Hemos insistido en la revisión del catastro rural, no solo como base de un impuesto, sino como orientador de la política pública agropecuaria; que dirima el conflicto entre vocación y uso de la tierra, y ayude a encontrar el equilibrio entre la distribución necesaria para ofrecerle una posibilidad digna a la economía campesina y no la perpetuación de su pobreza, y la concentración requerida para aprovechar nuestras ventajas comparativas como exportadores mundiales de alimentos y, también, para no ser aplastados por los TLC.

Estamos de acuerdo en que las tierras mal utilizadas paguen más impuesto, pero reclamamos el cumplimiento del mandato constitucional de dar “especial protección a la producción de alimentos”, no como una prebenda injustificada, sino por su valor estratégico para la seguridad alimentaria y para generar riqueza y estabilidad social en el campo.

Al país hay que decirle la verdad sobre la concentración ganadera de la tierra. Miles de hectáreas se dedicaron a ganadería en el Caribe cuando fue más barato comprar algodón en Estados Unidos; miles a ganadería de leche cuando fue más barato importar cebada y trigo. Miles en la Orinoquía y Amazonía se dedican a ganadería extensiva, porque allí se carece de todo y la tierra no sirve para otra cosa, salvo con inmensas inversiones para hacerla productiva. La Unidad Agrícola Familiar, UAF, que el Gobierno mismo define como la extensión para generar un ingreso de dos salarios mínimos, en esa región oscila entre 1.000 y 2.000 hectáreas, así  que muchos latifundistas del Censo Agropecuario no son más que pobres campesinos.
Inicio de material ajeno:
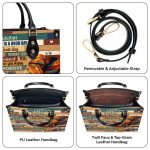 Today Is A Good Day - Personalized Purple Leather Handbag Stb175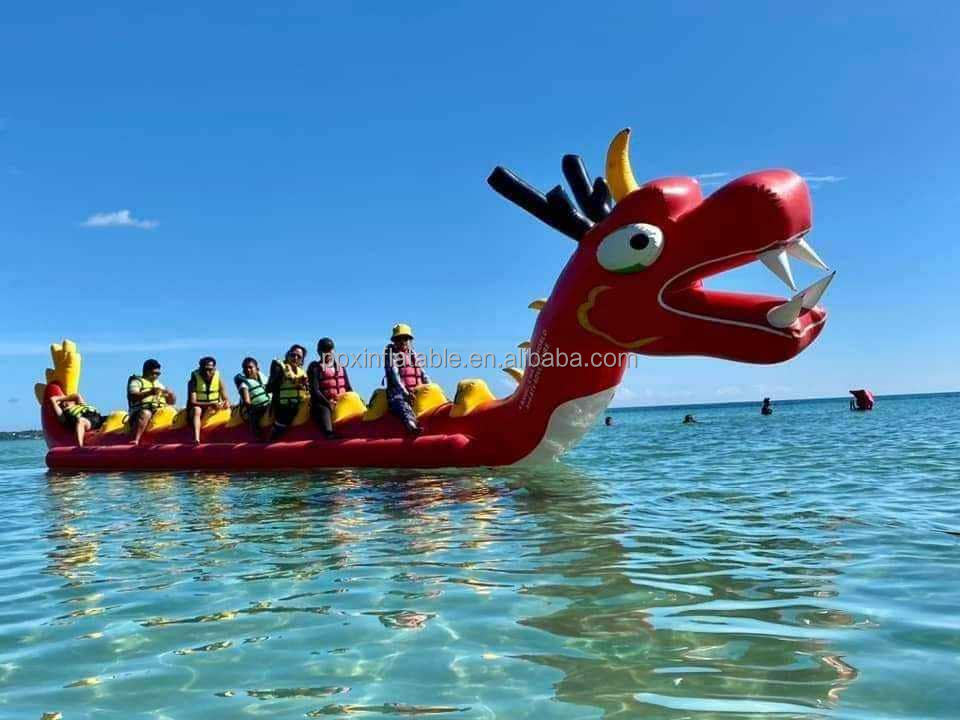 Commercial Inflatable Dragon Boat Water Game | PVC Tarpaulin Towing Sports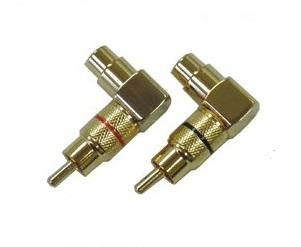90 Degree Gold Plated RCA Adaptor (AG1005)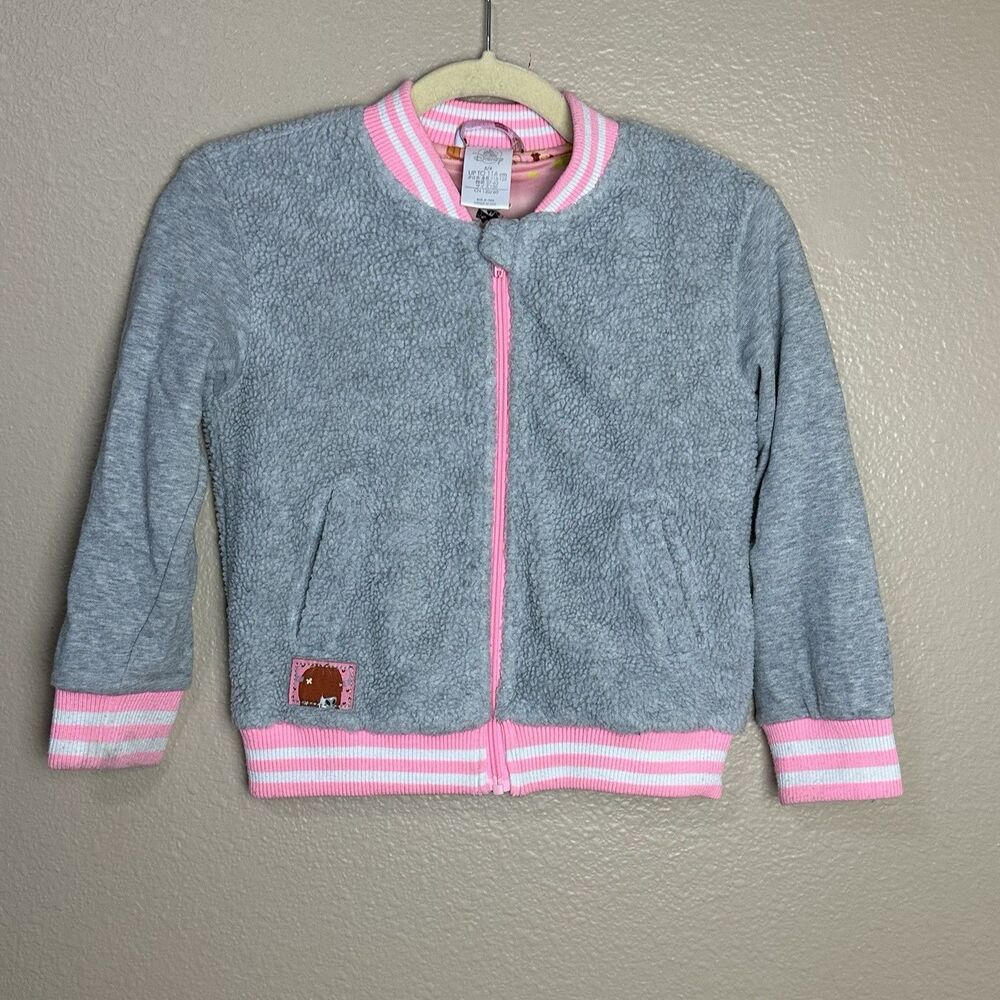 Disney Girls Fleece Jacket Size Small Gray Pink Animal Cat Paw Print Chill Dude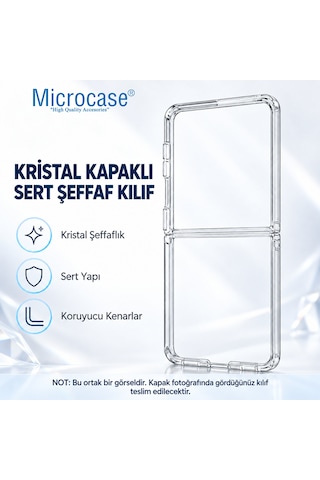 Microcase Samsung Galaxy Z Flip 8 İle Uyumlu Sert Kristal Kapaklı Kılıf Şeffaf- Al3157 Siyah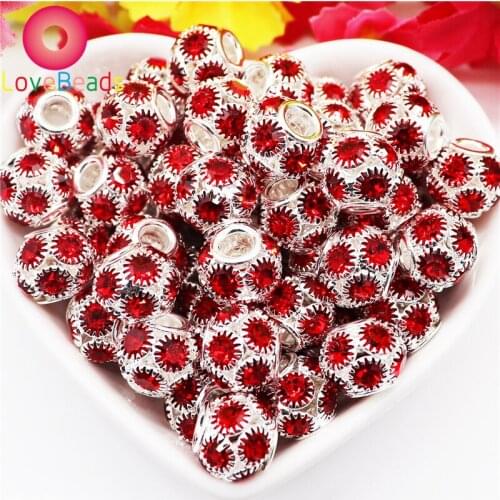 10Pcs Big Crystal Rhinestone Inlayed Glass Spacer Beads Rondelle Spacer Beads Big Hole Fit Original Pandora Bracelet Key Chains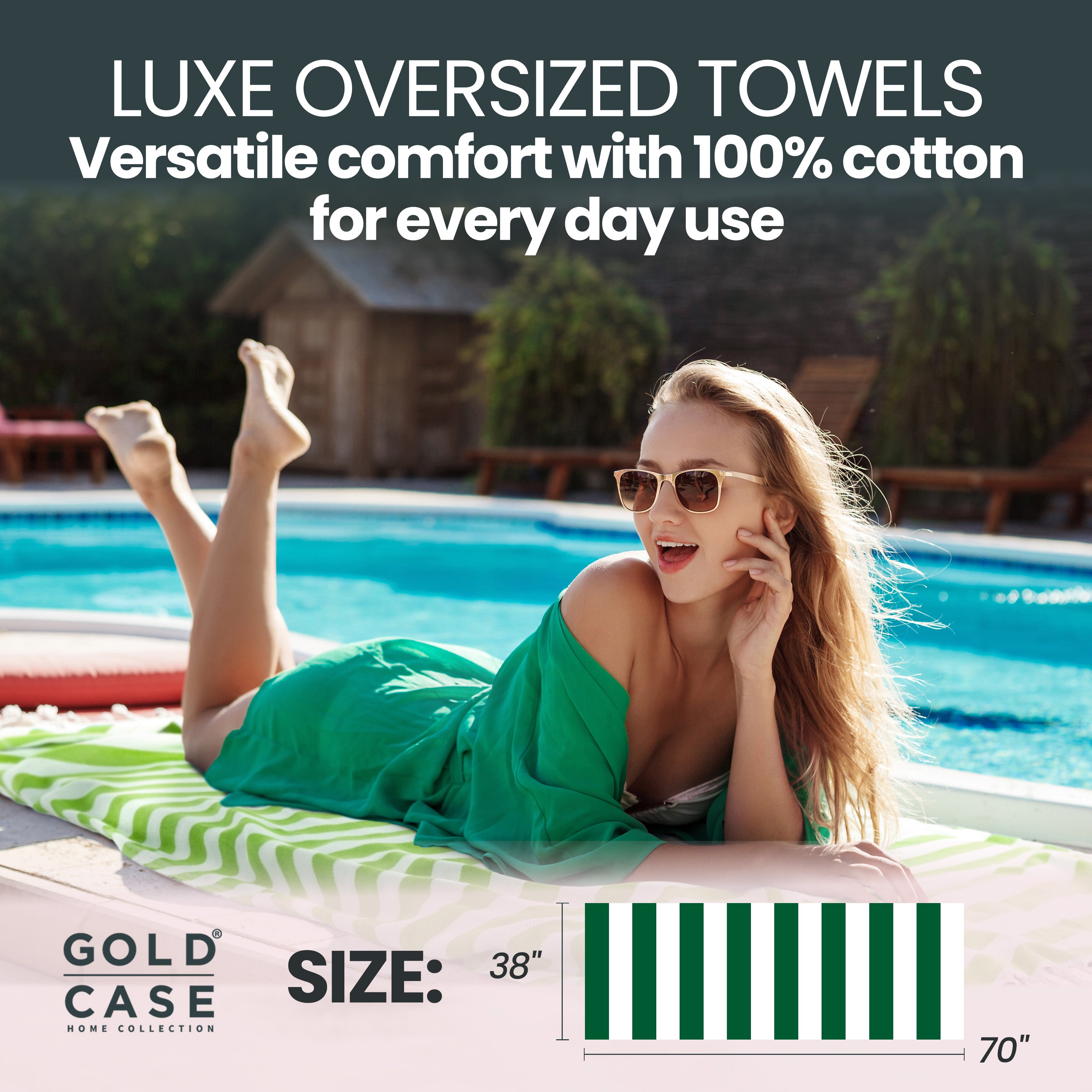 Gold CASE Turkish Beach Towel Set of 5 – 100% Cotton Beach Towels Oversized 70x38'' – MYRA Quick Dry Swim Towel – Lightweight Turkish Towels Set in Green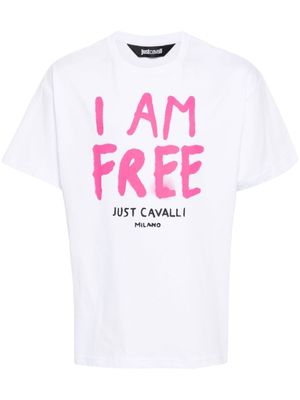 Just Cavalli slogan-print cotton Tshirt - White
Millones de hectáreas robadas por guerrilleros, narcotraficantes y paramilitares han sido pobladas con ganado –es cierto–, pero eso nada tiene que ver con la actividad lícita de cerca de 500.000 ganaderos. Expropiarlas y perseguir a los delincuentes es responsabilidad incumplida del Estado, como lo es recuperar con firmeza los baldíos perdidos por un manejo negligente y permeado de corrupción.

Tampoco existen ganaderos salvajes quemando selvas para sembrar pastos. El país sabe que la historia de la colonización depredadora ha sido la del desplazamiento –hay que leer la Vorágine de Rivera– por la pobreza y la violencia desde el siglo pasado. Hoy Fedegán, por el contrario, es pionero en proyectos de ganadería sostenible.

Antes de insultarnos, invito a Cristina de la Torre a conocernos. Pero que nadie lo dude; seguiremos defendiendo el derecho a la propiedad privada de la tierra legítimamente adquirida.

Nota bene. Entre 2000 y 2014, el catastro rural, base del predial, pasó de 30 a 139 billones de pesos.